The answer should contain every entry below, copied exactly.

----------------------------------------

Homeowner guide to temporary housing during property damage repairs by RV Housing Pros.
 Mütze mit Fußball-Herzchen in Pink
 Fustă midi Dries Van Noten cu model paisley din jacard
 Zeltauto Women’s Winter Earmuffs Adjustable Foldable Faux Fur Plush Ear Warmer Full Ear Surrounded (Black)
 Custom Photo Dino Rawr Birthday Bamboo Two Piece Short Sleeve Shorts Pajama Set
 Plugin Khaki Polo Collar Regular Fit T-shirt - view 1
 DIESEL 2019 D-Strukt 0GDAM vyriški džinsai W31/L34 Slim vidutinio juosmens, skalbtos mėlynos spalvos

----------------------------------------

Reply to the task:
Homeowner guide to temporary housing during property damage repairs by RV Housing Pros.
 Mütze mit Fußball-Herzchen in Pink
 Fustă midi Dries Van Noten cu model paisley din jacard
 Zeltauto Women’s Winter Earmuffs Adjustable Foldable Faux Fur Plush Ear Warmer Full Ear Surrounded (Black)
 Custom Photo Dino Rawr Birthday Bamboo Two Piece Short Sleeve Shorts Pajama Set
 Plugin Khaki Polo Collar Regular Fit T-shirt - view 1
 DIESEL 2019 D-Strukt 0GDAM vyriški džinsai W31/L34 Slim vidutinio juosmens, skalbtos mėlynos spalvos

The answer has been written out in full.